Voters in Victoria and Saanich have approved the creation of a citizens’ assembly to advise on amalgamating the two municipalities. Almost 67 per cent of voters in Victoria and 57 per cent in Saanich gave the proposal a thumbs-up during the recent civic elections.
Since the question on the ballot was presented as a non-binding referendum, neither council is formally obliged to proceed. Nor are they required to accept the advice of the assembly, if one is formed. Some councillors are known to be firmly opposed to amalgamation.
Nevertheless, given the strong support expressed by voters, presumably the assembly will go ahead.
But here the questions begin. Are we talking about a purely political amalgamation, in which we end up with just one mayor and council, instead of two?

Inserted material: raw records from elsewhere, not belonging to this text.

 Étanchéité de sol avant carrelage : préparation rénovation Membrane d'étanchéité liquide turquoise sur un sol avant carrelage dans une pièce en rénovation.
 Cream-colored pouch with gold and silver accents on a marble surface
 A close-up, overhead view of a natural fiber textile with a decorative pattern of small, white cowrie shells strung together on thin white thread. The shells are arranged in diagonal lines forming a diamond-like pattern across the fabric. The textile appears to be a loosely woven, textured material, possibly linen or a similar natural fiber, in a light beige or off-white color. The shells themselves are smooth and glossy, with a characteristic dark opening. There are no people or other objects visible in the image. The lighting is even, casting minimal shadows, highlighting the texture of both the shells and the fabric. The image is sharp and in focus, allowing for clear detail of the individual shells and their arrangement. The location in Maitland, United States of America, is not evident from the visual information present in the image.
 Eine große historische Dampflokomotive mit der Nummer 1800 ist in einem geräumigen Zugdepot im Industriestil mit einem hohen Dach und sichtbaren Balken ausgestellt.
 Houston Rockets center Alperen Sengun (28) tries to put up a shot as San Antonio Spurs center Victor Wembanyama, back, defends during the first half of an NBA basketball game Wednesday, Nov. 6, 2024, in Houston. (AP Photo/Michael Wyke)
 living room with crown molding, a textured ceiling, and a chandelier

If so, we don’t need a citizens’ assembly to advise. That is a matter for the voters to decide.
But realistically, this option makes little sense. How can there be one city council, but two city managers, two police chiefs, two sets of financial statements, etc.? Councillors would have to resolve endless disputes and conflicting advice with such an arrangement.
If amalgamation is to work, it has to reach down to the staff level, as well. And that is no small matter.
Combined, the two municipalities have budgets totalling about $430 million. Each has nine or 10 separate departments, dealing with everything from fire and rescue services to bylaw enforcement and engineering.
Coming up with a plan to merge these duplicate staff units is an enormously complex task, and one that no citizens’ assembly would be qualified to undertake.
Last year, Duncan and North Cowichan formed an assembly to look at amalgamation. But first, to guide the deliberations, a consulting firm with experience in municipal mergers was hired to nail down the options.
If Victoria and Saanich are serious about this project, some such expert advice will be needed.
However, the Duncan/North Cowichan project tells us more. While the consulting firm identified the kind of decisions that would be required, it was unable to quantify the financial benefits that could be gained, other than halving the salary bill for councillors. That’s because it could not predict how far the merger would proceed at the bureaucratic level.
In the case of Victoria and Saanich, if half the senior managers were displaced in a full-scale merger, the savings would approach $5 million a year. But would they be displaced, or would they merely be given new titles?
Of course, there is more to amalgamation than a search for economies. It makes complete sense, for example, to have one police service instead of two.
The benefits include better sharing of information, better co-ordination of resources and greater sophistication in the deployment of new technologies.
But merely stacking one police department on top of another and calling it a merger evades the critical issue. In a genuinely amalgamated police service, there can be only one chief, not two.
The same is true for the other departments. If there is to be a merger, it must reach throughout the two bureaucracies, not merely skim the surface.
All of which points to this: Whether a citizens’ assembly is left to its own devices or a consulting firm is hired, precise deliverables must be established at the outset.
And those deliverables must go beyond broad proposals. They must include which management jobs will be made redundant, how differing salary grids will be unified and how chains of command can be integrated.
Voters in Victoria and Saanich should watch this process closely. How the citizens’ assembly unfolds will tell us just how serious the two councils are about a genuine merger.